Segment Open

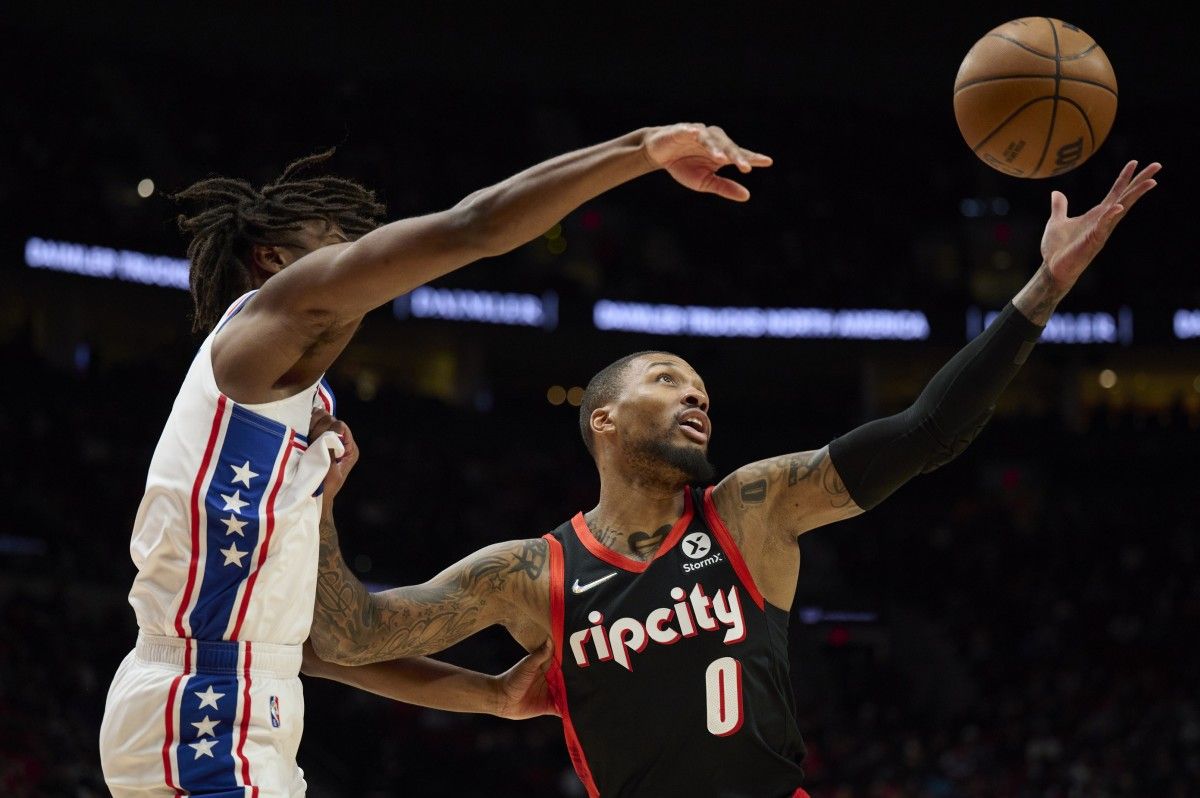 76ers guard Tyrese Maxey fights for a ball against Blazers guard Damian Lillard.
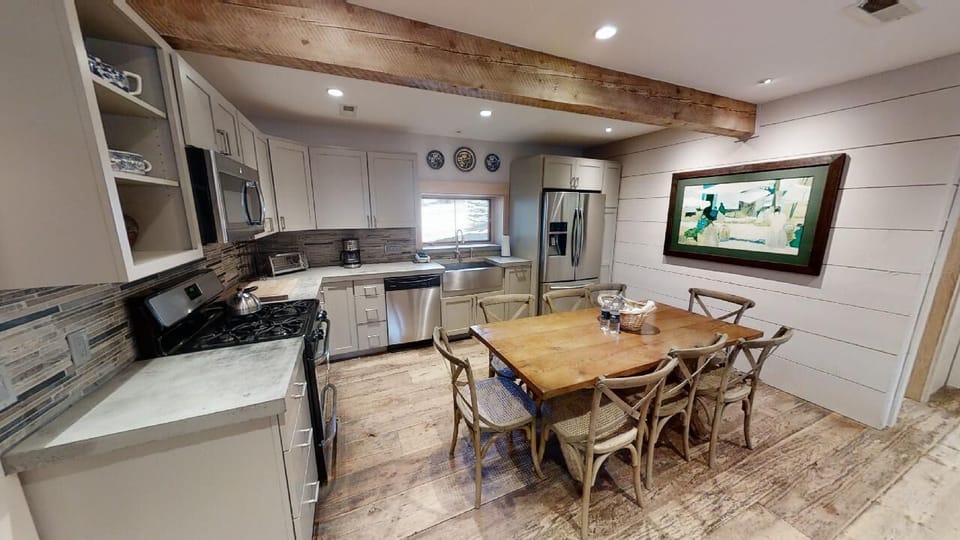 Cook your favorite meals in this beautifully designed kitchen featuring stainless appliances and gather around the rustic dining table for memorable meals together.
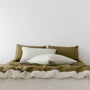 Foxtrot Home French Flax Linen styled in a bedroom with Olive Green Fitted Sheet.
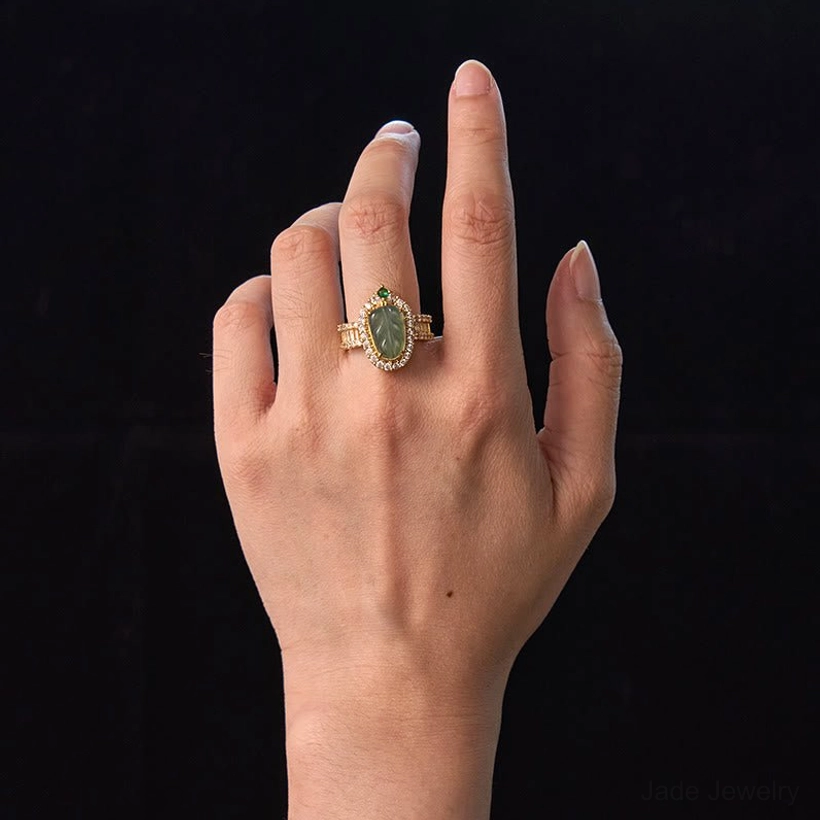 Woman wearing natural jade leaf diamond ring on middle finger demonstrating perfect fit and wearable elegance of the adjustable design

Segment Closed
Segment Open

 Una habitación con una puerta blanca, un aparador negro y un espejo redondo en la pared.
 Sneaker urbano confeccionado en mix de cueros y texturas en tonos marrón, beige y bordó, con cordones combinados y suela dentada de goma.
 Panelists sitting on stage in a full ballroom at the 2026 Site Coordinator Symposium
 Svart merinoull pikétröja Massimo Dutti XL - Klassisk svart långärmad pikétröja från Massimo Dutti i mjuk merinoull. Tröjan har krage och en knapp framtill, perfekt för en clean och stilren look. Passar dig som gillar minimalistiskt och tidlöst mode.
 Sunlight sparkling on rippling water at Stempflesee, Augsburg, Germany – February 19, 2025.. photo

Segment Closed
Segment Open

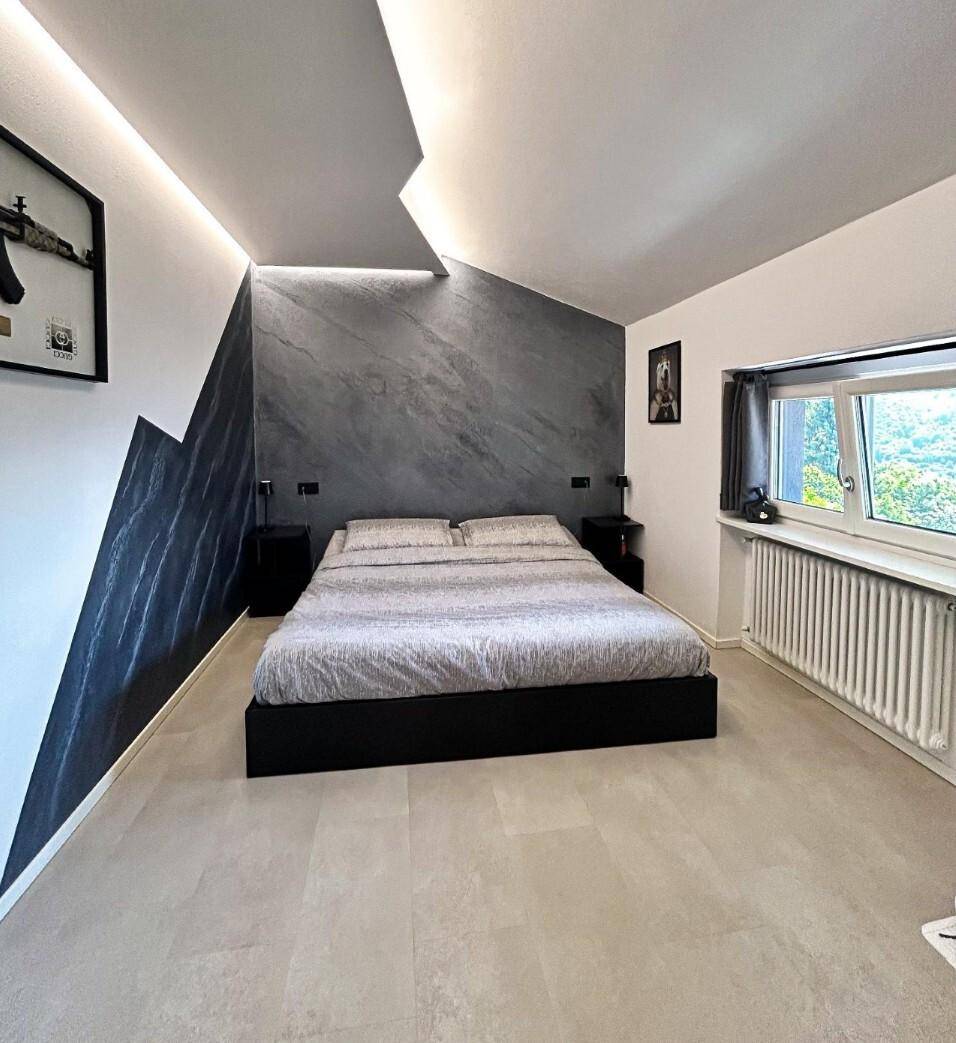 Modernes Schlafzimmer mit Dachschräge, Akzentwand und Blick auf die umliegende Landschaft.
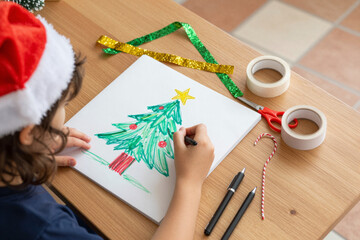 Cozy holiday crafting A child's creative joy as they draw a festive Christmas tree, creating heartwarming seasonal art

Segment Closed

Look above for the line with "Modernes Schlafzimmer mit" and the line with "Cozy holiday crafting". Copy them and every line between, exactly, but no pictures.

 Modernes Schlafzimmer mit Dachschräge, Akzentwand und Blick auf die umliegende Landschaft.
 Cozy holiday crafting A child's creative joy as they draw a festive Christmas tree, creating heartwarming seasonal art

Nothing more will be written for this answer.